Parmi les leçons que la pandémie de Covid-19 a enseignées à la planète entière, c’est qu’il arrive un moment où il faut bien pouvoir compter sur ses propres forces. La fermeture des frontières ayant été rapidement admise comme une mesure barrière de premier plan, les Etats se sont retrouvés quasiment face à eux-mêmes, et bien obligés de trouver des solutions endogènes dans les différents segments de la riposte au coronavirus. Une telle situation a eu l’avantage de favoriser un foisonnement d’initiatives du côté de la réponse sanitaire, à l’instar de ce qu’on peut considérer comme le printemps de la médecine traditionnelle.
C’est dans cette optique qu’on peut lire l’évènement organisé hier à l’Assemblée nationale. Une session spéciale consacrée à la médecine traditionnelle ! Rien de choquant, rien d’étonnant même. Surtout par ces temps où le monde entier cherche toujours une solution à l’épineux problème du Covid-19. Par ces temps où des initiatives locales ont surgi et abouti à des médicaments issus de la pharmacopée traditionnelle, dont les promoteurs revendiquent une efficacité contre la maladie.
Et bien au-delà du débat sur la scientificité et sur les normes, force est de constater que ces produits sont demandés, s’arrachent et donnent visiblement satisfaction, à l’instar du fameux « médicaments de Mgr Kleda », comme l’appellent communément la population aujourd’hui. L’archevêque de Douala n’est pas le seul. Beaucoup d’autres Camerounais, naturopathes pour la plupart, ont proposé leurs trouvailles avec un accueil plus ou moins favorable.

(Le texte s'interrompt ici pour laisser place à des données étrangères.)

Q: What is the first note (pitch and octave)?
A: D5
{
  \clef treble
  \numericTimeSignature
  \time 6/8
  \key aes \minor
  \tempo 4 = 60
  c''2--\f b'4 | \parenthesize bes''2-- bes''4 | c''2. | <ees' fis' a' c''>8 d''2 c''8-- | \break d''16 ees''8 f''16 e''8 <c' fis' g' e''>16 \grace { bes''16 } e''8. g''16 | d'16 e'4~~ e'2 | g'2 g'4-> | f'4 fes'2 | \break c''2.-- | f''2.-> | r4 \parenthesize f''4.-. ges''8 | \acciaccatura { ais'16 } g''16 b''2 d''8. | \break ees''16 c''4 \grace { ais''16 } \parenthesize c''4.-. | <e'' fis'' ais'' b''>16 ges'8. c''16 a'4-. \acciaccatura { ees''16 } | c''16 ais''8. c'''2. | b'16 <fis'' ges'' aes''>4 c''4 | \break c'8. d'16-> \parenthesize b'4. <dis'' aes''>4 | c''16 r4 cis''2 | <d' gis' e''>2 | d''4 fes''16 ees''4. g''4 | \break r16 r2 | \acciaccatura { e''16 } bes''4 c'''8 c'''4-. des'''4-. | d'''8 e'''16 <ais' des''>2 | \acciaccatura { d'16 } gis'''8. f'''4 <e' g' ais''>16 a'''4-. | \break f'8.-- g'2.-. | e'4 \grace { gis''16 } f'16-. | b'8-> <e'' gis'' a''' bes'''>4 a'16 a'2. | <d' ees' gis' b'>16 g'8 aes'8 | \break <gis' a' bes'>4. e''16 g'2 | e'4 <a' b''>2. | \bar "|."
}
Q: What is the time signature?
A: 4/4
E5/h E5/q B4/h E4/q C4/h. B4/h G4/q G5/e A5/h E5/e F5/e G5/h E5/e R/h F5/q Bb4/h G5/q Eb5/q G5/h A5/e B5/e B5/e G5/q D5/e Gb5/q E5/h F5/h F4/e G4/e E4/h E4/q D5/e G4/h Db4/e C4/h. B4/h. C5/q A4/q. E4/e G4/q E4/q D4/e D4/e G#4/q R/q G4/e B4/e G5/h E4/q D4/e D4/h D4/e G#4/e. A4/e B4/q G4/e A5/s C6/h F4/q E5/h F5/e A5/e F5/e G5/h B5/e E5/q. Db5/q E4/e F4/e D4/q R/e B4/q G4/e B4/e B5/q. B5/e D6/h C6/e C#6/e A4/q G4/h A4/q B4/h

L’initiative de l’Assemblée nationale, apparaît donc comme une suite cohérente de cet état de choses. Les députés étant les représentant du peuple, semblent donc avoir relayé ce frémissement venu de l’exploitation de nos richesses naturelles. Des richesses auxquelles sont attachés bon nombre de Camerounais, en raison d’us et coutumes qui les inclinent naturellement à se rapprocher de la médecine traditionnelle pour les petits bobos du quotidien.

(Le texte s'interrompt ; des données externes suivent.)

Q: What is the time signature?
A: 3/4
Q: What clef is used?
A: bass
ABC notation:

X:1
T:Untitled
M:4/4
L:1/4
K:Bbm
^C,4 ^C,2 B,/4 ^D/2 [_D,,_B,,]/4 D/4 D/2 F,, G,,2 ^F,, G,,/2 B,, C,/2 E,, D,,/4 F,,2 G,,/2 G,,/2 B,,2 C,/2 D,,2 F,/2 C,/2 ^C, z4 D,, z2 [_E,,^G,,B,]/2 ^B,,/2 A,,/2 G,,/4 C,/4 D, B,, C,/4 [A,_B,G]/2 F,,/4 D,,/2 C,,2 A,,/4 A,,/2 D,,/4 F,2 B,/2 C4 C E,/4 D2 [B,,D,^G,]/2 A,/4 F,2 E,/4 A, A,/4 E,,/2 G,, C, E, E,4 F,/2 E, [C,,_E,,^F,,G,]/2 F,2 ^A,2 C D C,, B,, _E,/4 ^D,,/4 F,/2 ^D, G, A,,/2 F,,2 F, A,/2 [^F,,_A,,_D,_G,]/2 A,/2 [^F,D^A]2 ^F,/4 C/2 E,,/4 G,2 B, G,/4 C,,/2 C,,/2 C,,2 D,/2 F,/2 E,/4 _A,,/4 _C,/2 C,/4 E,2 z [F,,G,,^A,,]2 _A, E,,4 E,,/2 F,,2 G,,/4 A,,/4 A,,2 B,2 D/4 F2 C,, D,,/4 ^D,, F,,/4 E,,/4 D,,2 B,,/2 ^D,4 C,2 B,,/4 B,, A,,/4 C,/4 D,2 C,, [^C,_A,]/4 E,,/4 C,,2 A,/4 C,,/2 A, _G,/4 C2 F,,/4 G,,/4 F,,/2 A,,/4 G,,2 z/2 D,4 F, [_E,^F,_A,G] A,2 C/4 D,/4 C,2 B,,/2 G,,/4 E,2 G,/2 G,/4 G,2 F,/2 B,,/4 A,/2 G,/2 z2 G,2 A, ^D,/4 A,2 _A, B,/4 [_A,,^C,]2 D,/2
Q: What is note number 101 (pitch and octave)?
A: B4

Ce recours aux plantes et écorces thérapeutiques connaît d’ailleurs un pic depuis le mois de mars. Il suffit d’aller dans les lieux habituels de vente pour constater que la demande a clairement décuplé. Et désormais dans les ménages, les remèdes de grand-mère ont gagné leur place. Et quelle place !
La session spéciale organisée hier par la représentation nationale peut être vue comme un plaidoyer en faveur de la médecine traditionnelle. A côté des prouesses de la médecine moderne, l’exploitation judicieuse de la grande pharmacie que constituent par exemple nos forêts et nos montagnes, est sans aucun doute une alternative crédible. Reste à lui trouver la place appropriée dans le système de santé national. Il faudra pour cela transcender les dissensions traditionnelles entre médecine moderne et médecine traditionnelle. Deux réalités qui s’observent souvent en chiens de faïence, alors qu’elles s’apprécient visiblement. Ce qui est clair, c’est qu’il n’y a aucune incompatibilité. Des pays comme la Chine l’ont démontré avec conviction.

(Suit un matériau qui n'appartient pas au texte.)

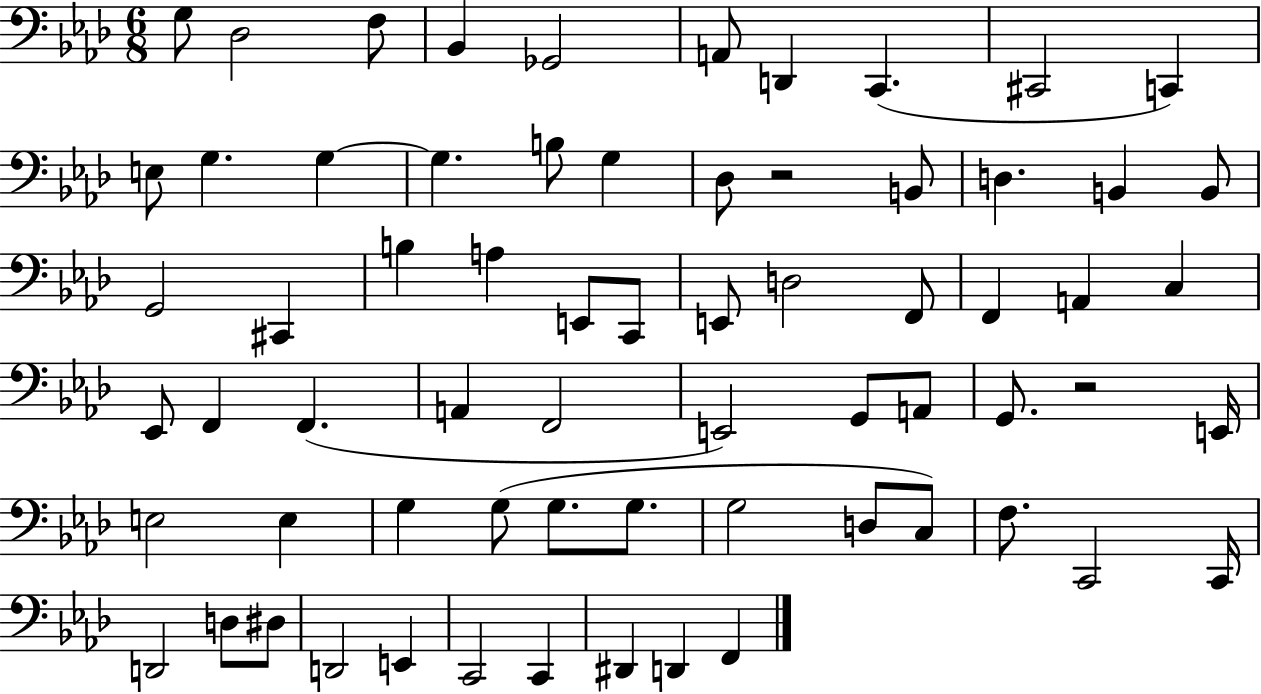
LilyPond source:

{
  \clef bass
  \numericTimeSignature
  \time 6/8
  \key aes \major
  g8 des2 f8 | bes,4 ges,2 | a,8 d,4 c,4.( | cis,2 c,4) | \break e8 g4. g4~~ | g4. b8 g4 | des8 r2 b,8 | d4. b,4 b,8 | \break g,2 cis,4 | b4 a4 e,8 c,8 | e,8 d2 f,8 | f,4 a,4 c4 | \break ees,8 f,4 f,4.( | a,4 f,2 | e,2) g,8 a,8 | g,8. r2 e,16 | \break e2 e4 | g4 g8( g8. g8. | g2 d8 c8) | f8. c,2 c,16 | \break d,2 d8 dis8 | d,2 e,4 | c,2 c,4 | dis,4 d,4 f,4 | \break \bar "|."
}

Trouver la place appropriée à la médecine traditionnelle, c’est non seulement lui faire de l’espace, mais l’encadrer et l’accompagner pour qu’elle pose ses pierres à l’édifice de la santé publique. On connaît trop bien les griefs habituellement fait à cette médecine. Raison de plus pour travailler à les effacer, en s’inspirant au besoin des expériences d’ailleurs. Les hôpitaux gynéco-obstétriques et pédiatriques de Yaoundé et de Douala expérimentent chez nous, et avec succès, une cohabitation de la médecine moderne et de la médecine traditionnelle chinoise. Et si les amis Chinois qui ont aidé à la construction et qui aident au fonctionnement de ces formations hospitalières de référence, voulaient nous passer un message ? Et s’ils voulaient simplement nous apprendre à pêcher…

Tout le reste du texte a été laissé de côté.